» **EXERCISE GOAL**: Nothing should appear in the answer except the lines below from the line containing "Three diverse hands" through the line containing "Make It Real", copied exactly, with pictures left out.

» **DATA**:
************

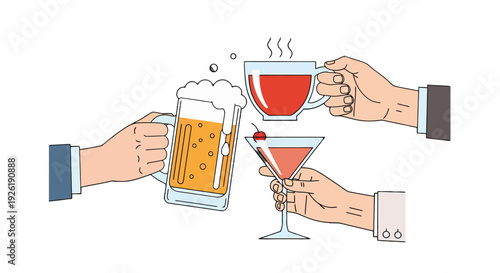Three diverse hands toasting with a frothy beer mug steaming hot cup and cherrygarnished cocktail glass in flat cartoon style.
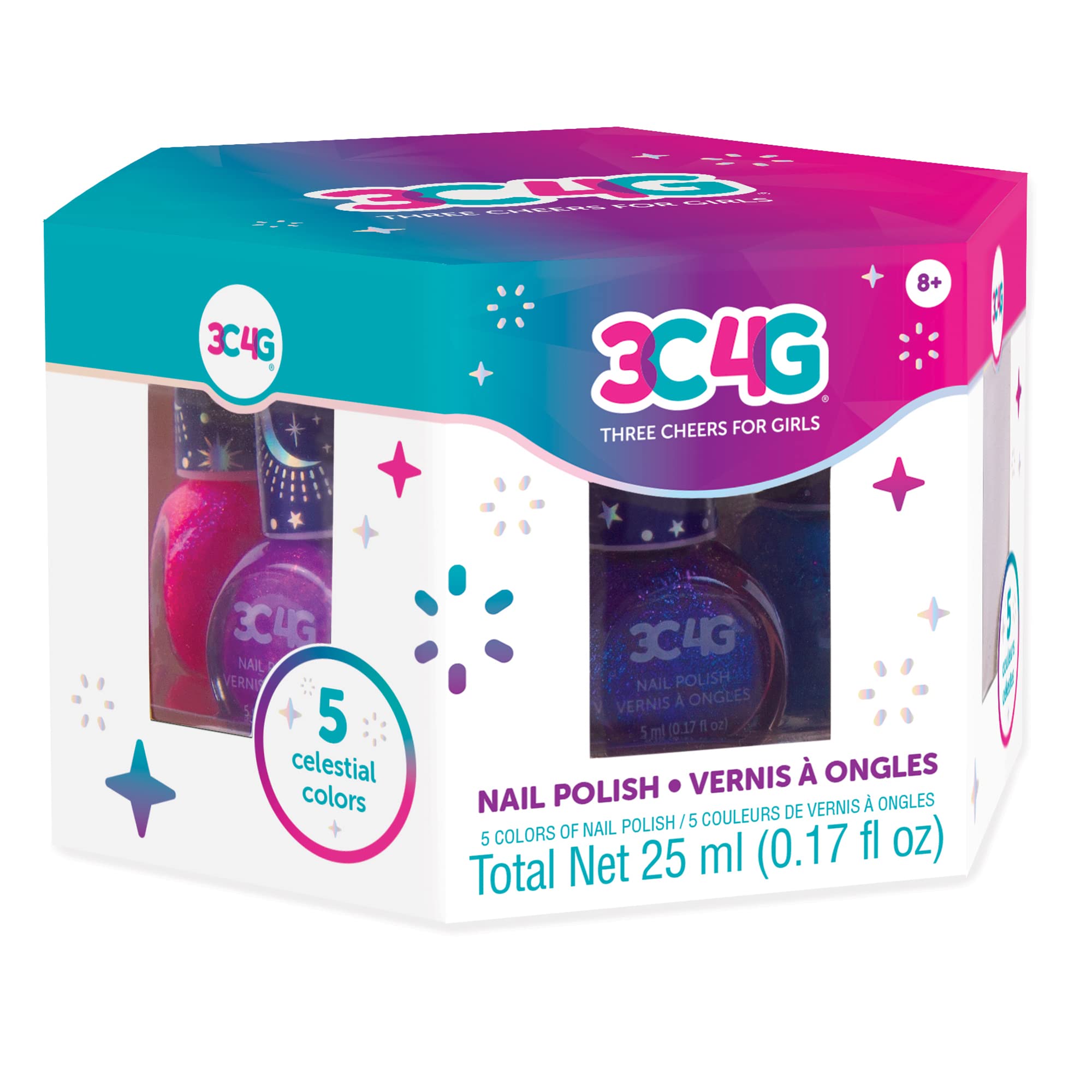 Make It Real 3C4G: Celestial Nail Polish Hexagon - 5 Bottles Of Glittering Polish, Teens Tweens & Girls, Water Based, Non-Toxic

************

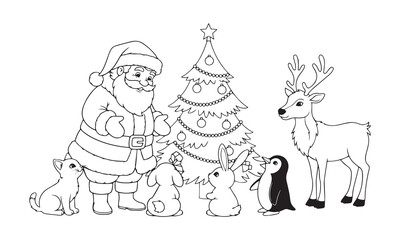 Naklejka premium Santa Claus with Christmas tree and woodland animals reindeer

************

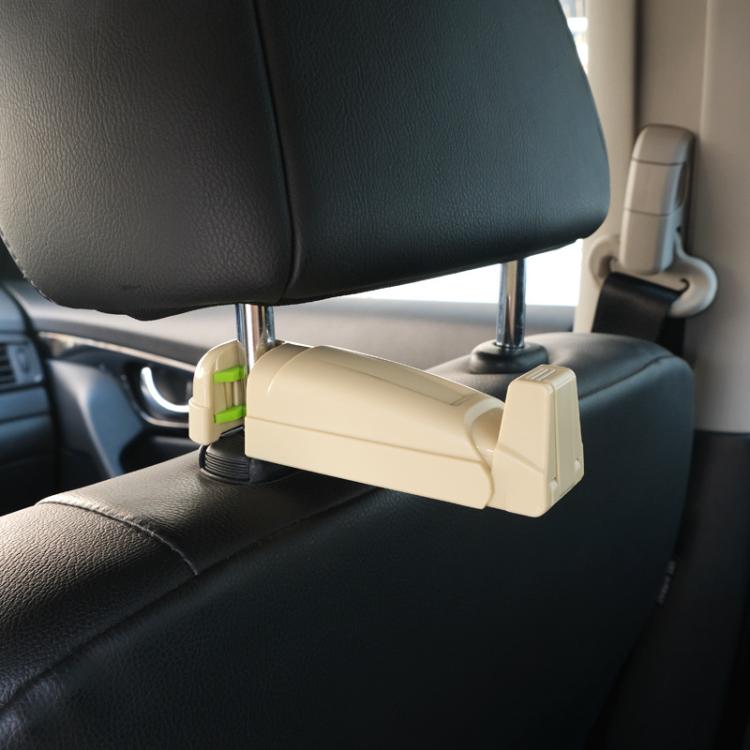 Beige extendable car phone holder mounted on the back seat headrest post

************

» **RESULT OF THIS TASK**:
Three diverse hands toasting with a frothy beer mug steaming hot cup and cherrygarnished cocktail glass in flat cartoon style.
 Make It Real 3C4G: Celestial Nail Polish Hexagon - 5 Bottles Of Glittering Polish, Teens Tweens & Girls, Water Based, Non-Toxic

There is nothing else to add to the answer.